# Kettle like sound normal?



## damon1989 (Aug 24, 2020)

Hello guys, just bought a new Silvia. On turning on the initial heat up sounds like a kettle boiling, is this normal? Its seems fairly silent after that and functions fine.

Never had a machine similar to this so just thought the question was worth asking.

Thanks!


----------



## MediumRoastSteam (Jul 7, 2015)

damon1989 said:


> Hello guys, just bought a new Silvia. On turning on the initial heat up sounds like a kettle boiling, is this normal? Its seems fairly silent after that and functions fine.
> 
> Never had a machine similar to this so just thought the question was worth asking.
> 
> Thanks!


 Yes. After all, it's technically the same principle as a kettle. But.... what sort of water are you putting in it? Tap, filtered, bottled? Try to avoid hard water, otherwise it will sound like a real scaled up kettle! You don't want that.


----------



## damon1989 (Aug 24, 2020)

I use bottled water, generally supermarket own brands, i assume that's good enough?
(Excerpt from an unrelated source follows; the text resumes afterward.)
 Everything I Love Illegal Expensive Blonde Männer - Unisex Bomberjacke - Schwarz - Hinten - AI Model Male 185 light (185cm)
Thanks for the quick helpful response.


----------



## MediumRoastSteam (Jul 7, 2015)

damon1989 said:


> I use bottled water, generally supermarket own brands, i assume that's good enough?
> 
> Thanks for the quick helpful response.


 So they all have different concentrations of minerals. Like, Tesco's Ashbeck is fine, but the other one, like, the really cheap stuff, is just as bad as tap water. Ideally, stick to Waitrose Essentials or Volvic. On the Rancilio Silvia, as it's a single boiler dual purpose unit, you most likely will never need to descale if you up use any of the above. Maybe in a couple of years time.


----------